Aile ve Sosyal Hizmetler Bakanlığı, MEB, UNICEF, Avrupa Birliği, Sivil Koruma ve İnsani Yardım Operasyonları Genel Müdürlüğü (ECHO) ve Türk Kızılay iş birliğinde yürütülen 'Mülteciler İçin Şartlı Eğitim Yardımı' programının UNICEF tarafından sürdürülen teknik ve koordinasyon faaliyetleri, Ankara'daki CerModern Sanat Galerisi'nde düzenlenen programla resmi olarak Türkiye Cumhuriyeti hükumetine devredildi. Programa, Aile ve Sosyal Hizmetler Bakan Yardımcısı İsmail Ergüneş, Avrupa Birliği Türkiye Delegasyonu Başkanı Büyükelçi Nikolaus Mayer-Landrut, Türk Kızılay Genel Müdürü İbrahim Altan ile sivil toplum ve uluslararası örgütlerin temsilcileri katıldı.

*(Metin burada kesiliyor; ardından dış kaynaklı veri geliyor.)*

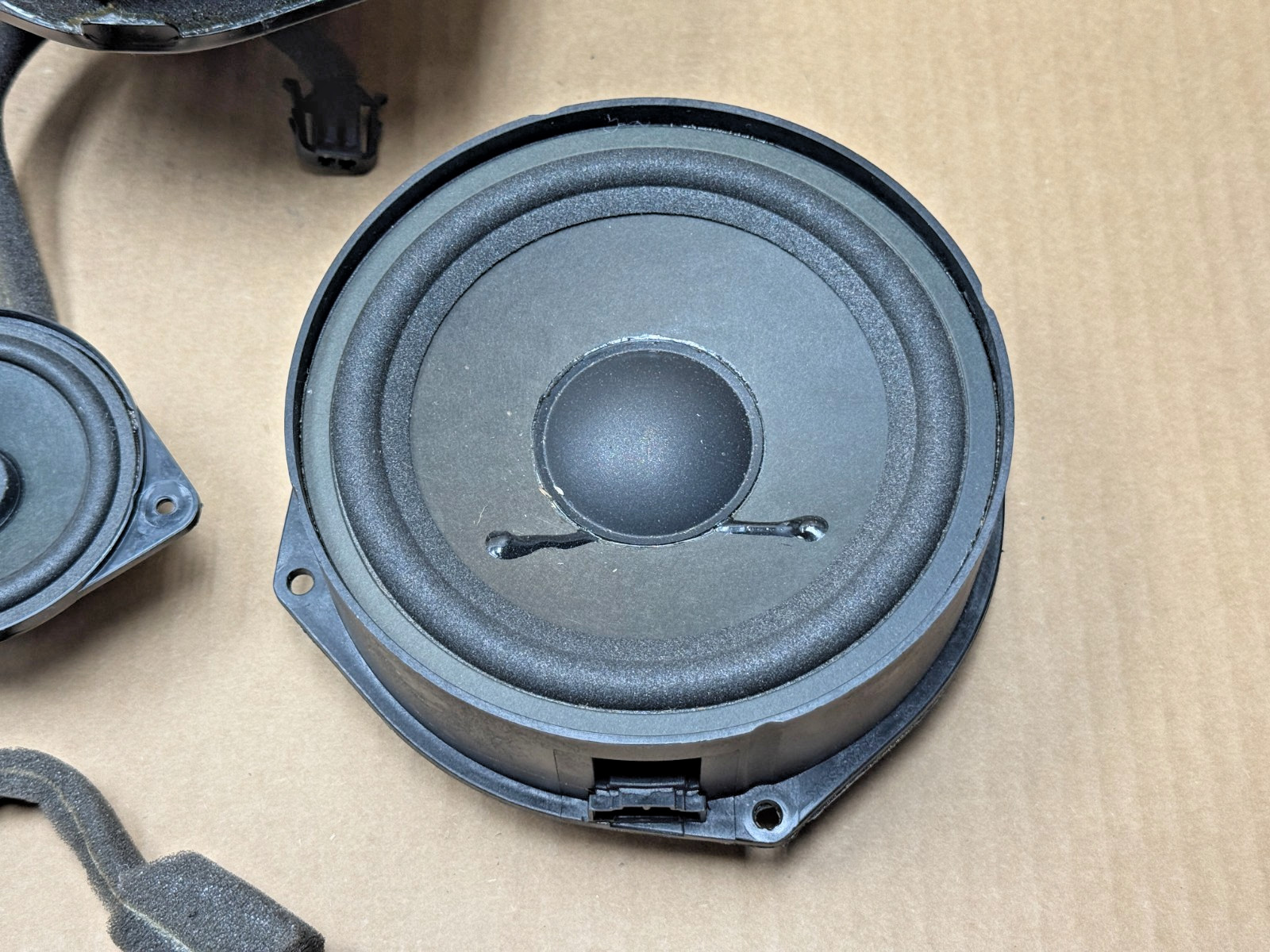 06-12 Bentley Continental Flying Spur Audio Sound Speaker Set of 8 PO43 OEM
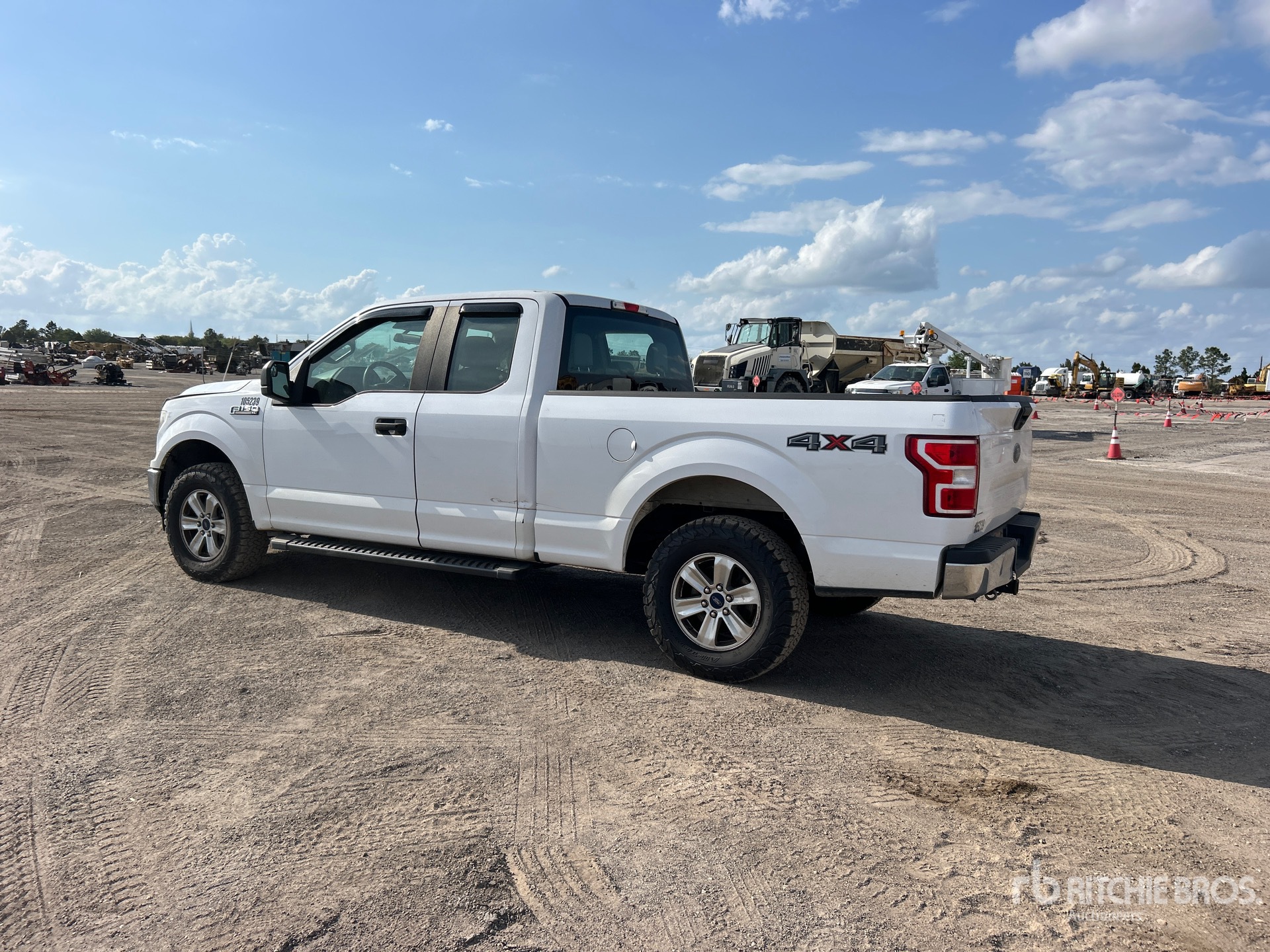 Aspect général with Image, coin arrière gauche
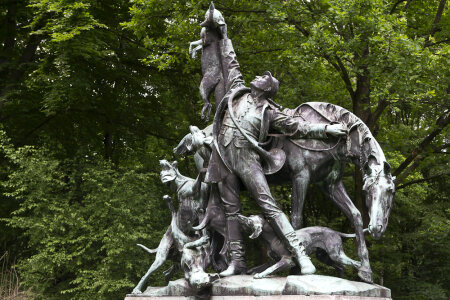 Tiergarten fox hunt statue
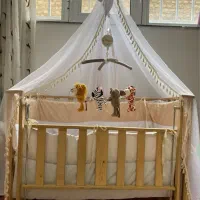 گهواره کنار تخت مادر
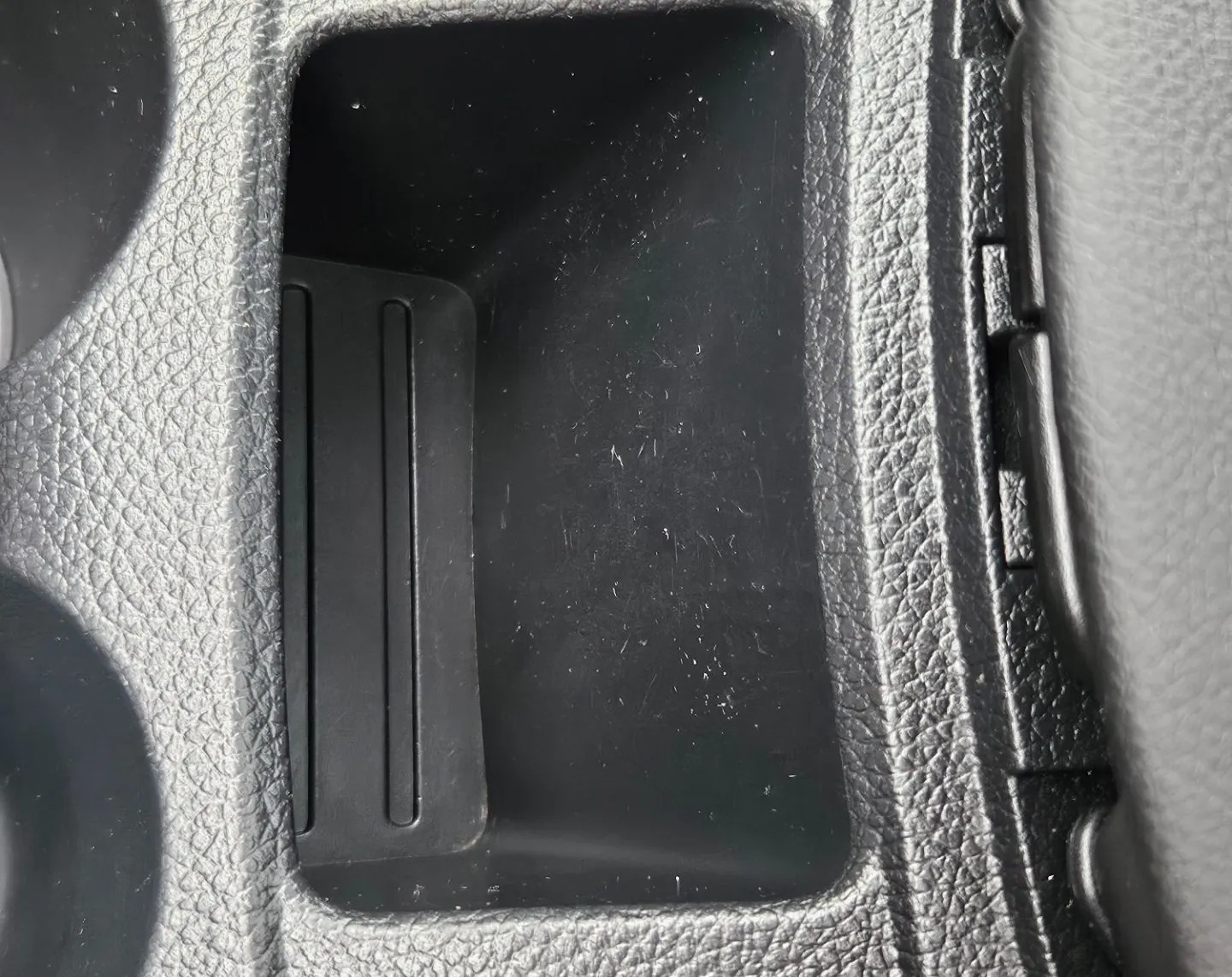 Zunanja slika - Nissan Qashqai - 1.6 dCi Visia, SLOVENSKI,360KAMERE,USNJE - 16
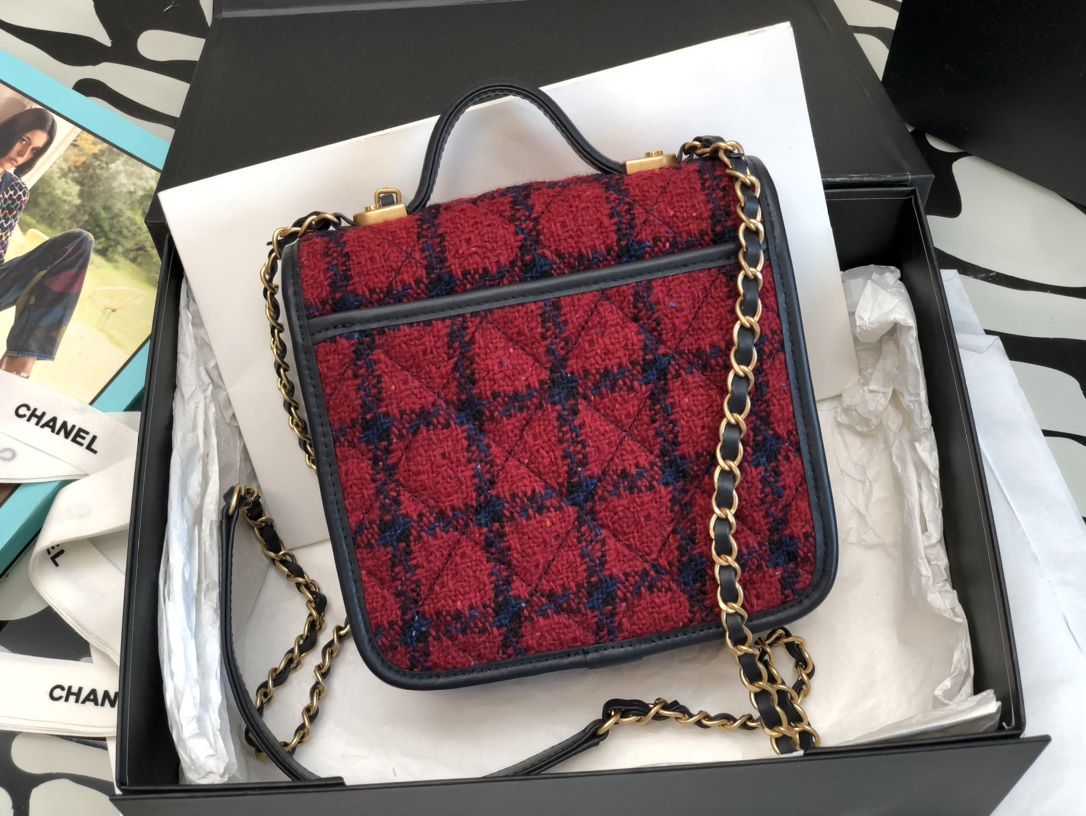 Handbag Chanel size *. * - vstockx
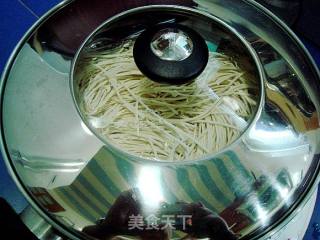 最适合上班族的快捷美食“肉丝炒面”的做法步骤：1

'HEDEFİMİZ, YABANCILARIN ONURLU BİR HAYAT SÜRMELERİNİ SAĞLAMAK'
Aile ve Sosyal Hizmetler Bakan Yardımcısı İsmail Ergüneş, UNICEF, MEB ve Türk Kızılay ile yakın iş birliği içinde yürüttükleri program kapsamında amaçlarının dünyayı çocuklar için daha yaşanır kılmak olduğunu belirterek, "Hedefimiz, ülkemizdeki en kırılgan yabancıların onurlu bir hayat sürdürmelerini sağlamaktır. Göçle gelen insani değerleri yaşatmak hepimizin ortak sorumluluğudur. Maalesef küreselleşmenin yeni sorunu insanın masumiyeti üzerine olmaktadır. İnsan masumiyetini yok eden, insan varlığını tehdit eden küreselleşme sadece mülteciler açısından değil, insanlığın geleceği açısından da ciddi tehditler oluşturmaktadır. Ülkemizin demokrasisinin ve ekonomisinin güçlenmeye başlaması ile birlikte göç ve mülteci konusunun tarafımızdan daha ciddi bir şekilde ele alınması ertelenemez bir hal almıştır. Dünya son yüzyılda insanlığın ortak değerleri ile daha fazla yüzleşmek zorunda kalmıştır. Savaşın yıkıcı ve tahrip eden gücü, insanları doğup büyüdükleri topraklardan söküp atmıştır. Şu an dünyada 103 milyonun üzerinde yerinden edilmiş kişi ve 32,5 milyon civarında da mülteci bulunmaktadır. Bu 103 milyon yerinden edilmiş kişinin maalesef yüzde 70'i kadın ve çocuklardan oluşmaktadır" dedi.